Danke auch dir für deine persönlichen Erfahrungen!
Nur, dein striktes "Niemals wieder!" zeigt mir, dass du über deine Erlebnisse noch lange nicht hinweg zu sein scheinst, denn sonst würdest du nicht allzu viel Bestemm auf rigorose Vermeidung legen...

Raphael, du hast das ganz richtig erkannt. Ich hab ein Verhaltensmuster, das mir den Zugang zum Lebendigsein versperrt hatte, durchschaut, aber das heißt noch lang nicht, dass meine Wunden deswegen nicht mehr weh tun. Ich trauere täglich um die Zeit, die ich nicht gelebt habe.

Ich möchte wenigstens den Rest meines Lebens so sein, wie ich es früher aus Angst vor dem Scheitern und aus Scham vor der Blamage nicht zu sein wagte.

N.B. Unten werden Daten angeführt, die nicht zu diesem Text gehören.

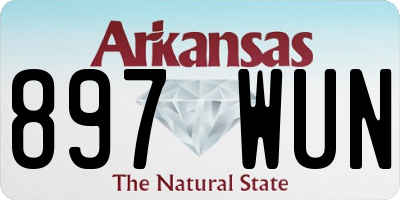 AR license plate 897WUN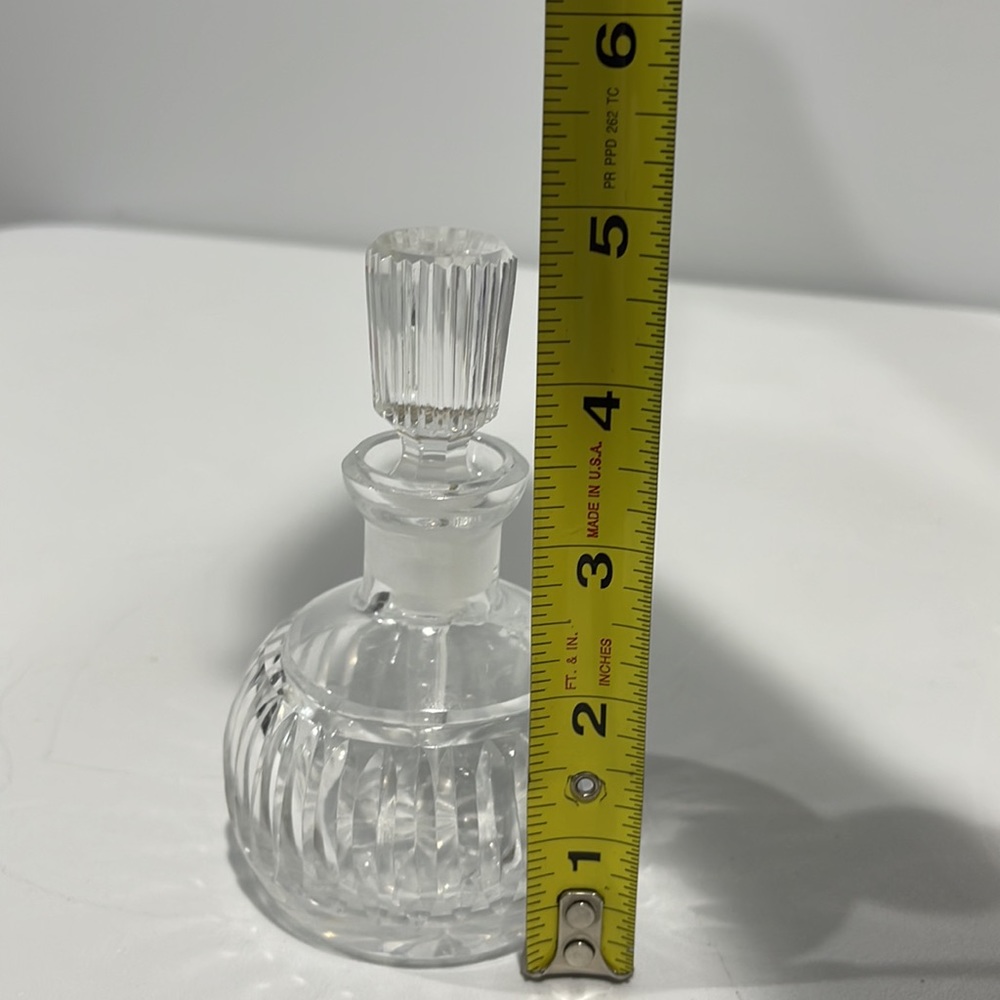 Vintage Waterford Vanity Crystal Perfume Bottle with Beveled Stopper Dauber - Picture 12 of 15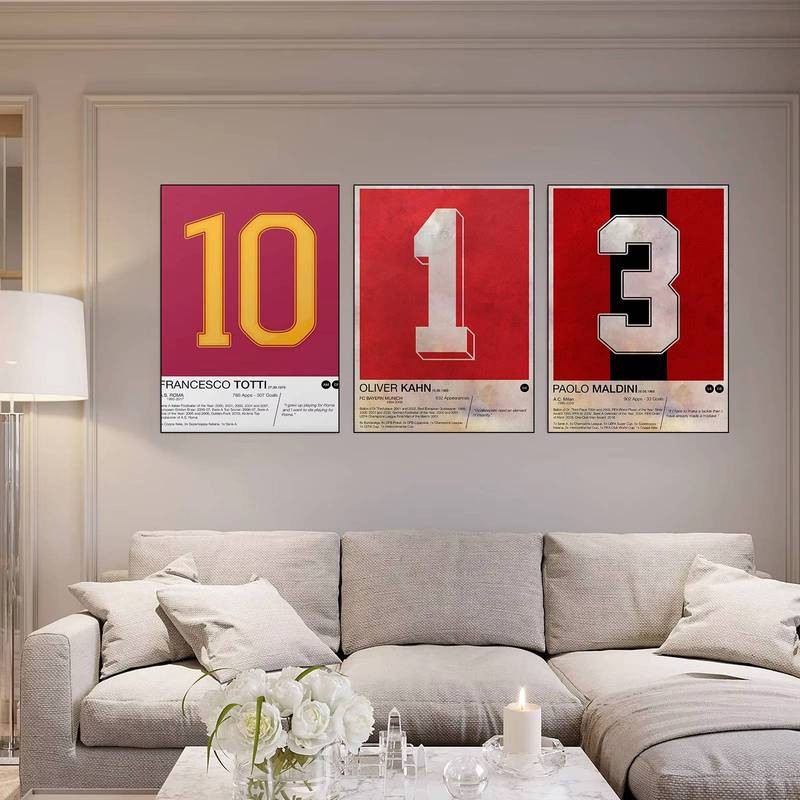 Thể thao tối giản loạt phim kỹ thuật số áp phích canvas in tranh nghệ thuật phòng khách và phòng ngủ trang trí tường nhà tranh không khung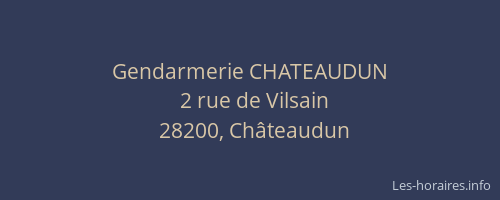 Gendarmerie CHATEAUDUN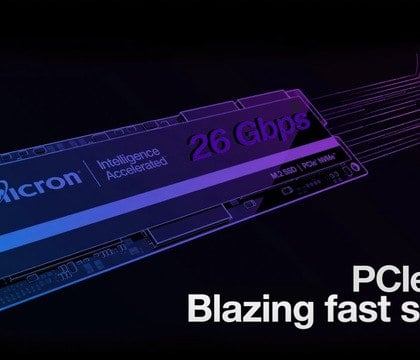 Micron показала прототип PCIe 6.0 SSD со скоростью чтения до 27 ГБ/с  В рамках мероприятия DesignCon 2025 компания Micron предъявила прототип твердотельного накопителя, поддерживающий шестую версию интерфейса PCIe, и показавший скорость последовательного чтения до 27 ГБ/с. Для демонстрации возможностей SSD пришлось использовать предсерийную версию коммутатора Astera Labs Scorpio P-Series Fabric Switch, а также хранилище Magnum IO GPUDirect.  Читать далее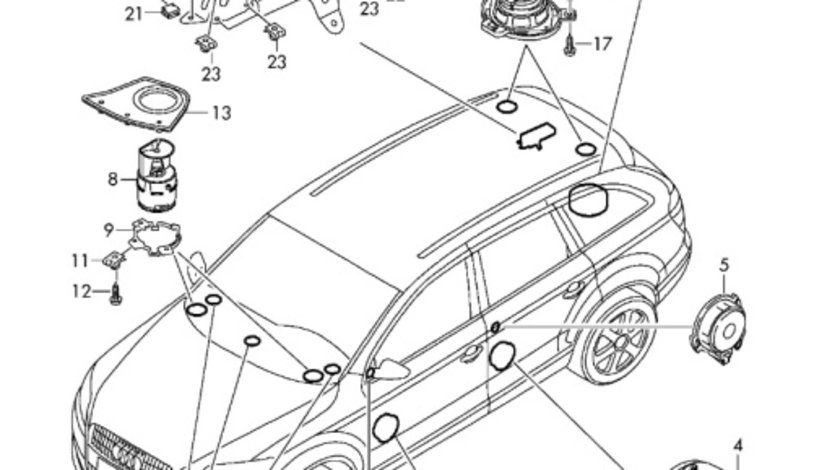 Twitter usa spate 4F0035399A Audi A4 B8 2.0 TDI CAG 103 KW OEM 4F0035399A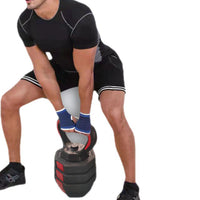Base y Mango Multiuso para Kettlebell y Discos de Pesas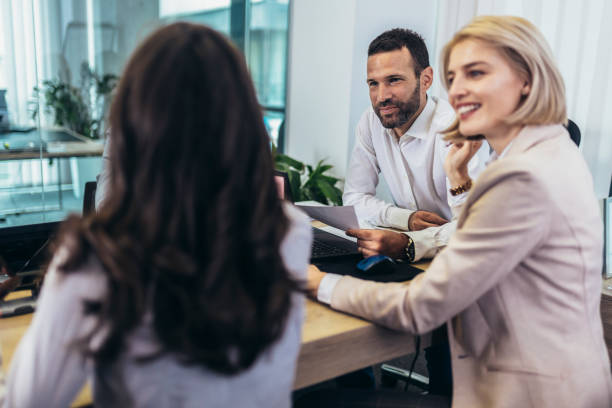 istock Business people having discussion during meeting 1443220698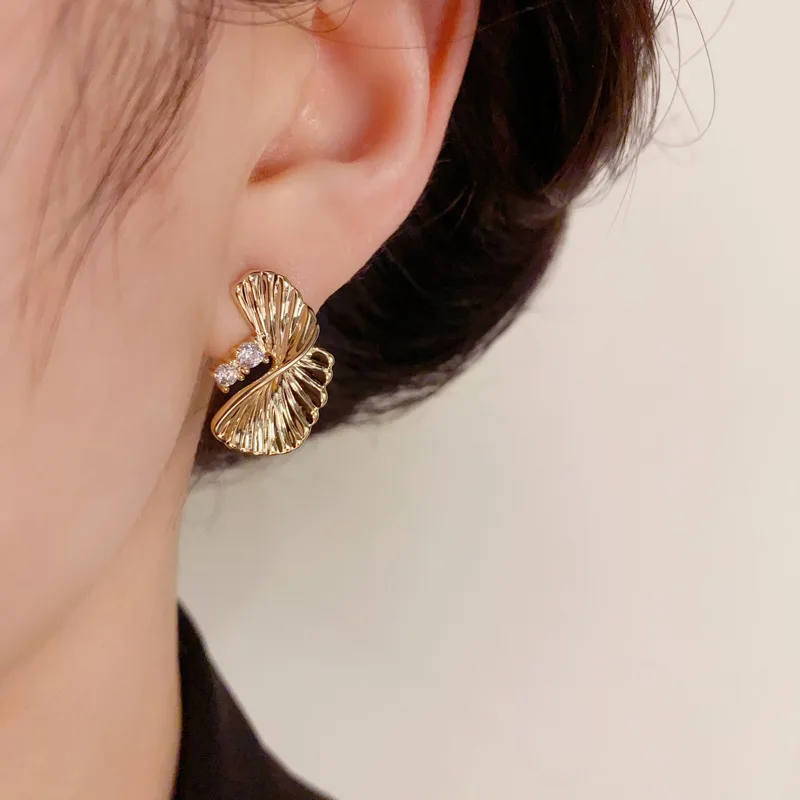 قلادة أقراط للسيدات مع إبرة فضية S925 ريترو، إكسسوارات مجوهرات بسيطة وعصرية ومتعددة الاستخدامات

Und deswegen bin ich sehr aufmerksam, wenn die "alten Dämonen" auftauchen, die die Bedrohungen meiner gewalttätigen und autoritären Erziehung wieder aufleben lassen wollen. Denn genau gegen diese lähmende Angst richtet sich mein vehementer Ausspruch NIE WIEDER. Damit hab ich die Entscheidungsgewalt über mich selbst zurückgewonnen, die ich vorher irgendwelchen "Erlösern" zugesprochen hatte.

Das ist meine Erfahrung mit meinen eigenen Lebensumständen und erhebt keinen Anspruch auf Allgemeingültigkeit.
Und wenn ich irgendwo scheitere, oder auch mal erfolgreich bin - Na und? Dann heule ich mich in dem einen Fall aus, oder schimpfe herum, im anderen Fall freue ich mich und hüpfe vielleicht herum, wies grad kommt! Ich "darf" ja jetzt das tun, was grad jetzt zu tun ist. Also, was solls!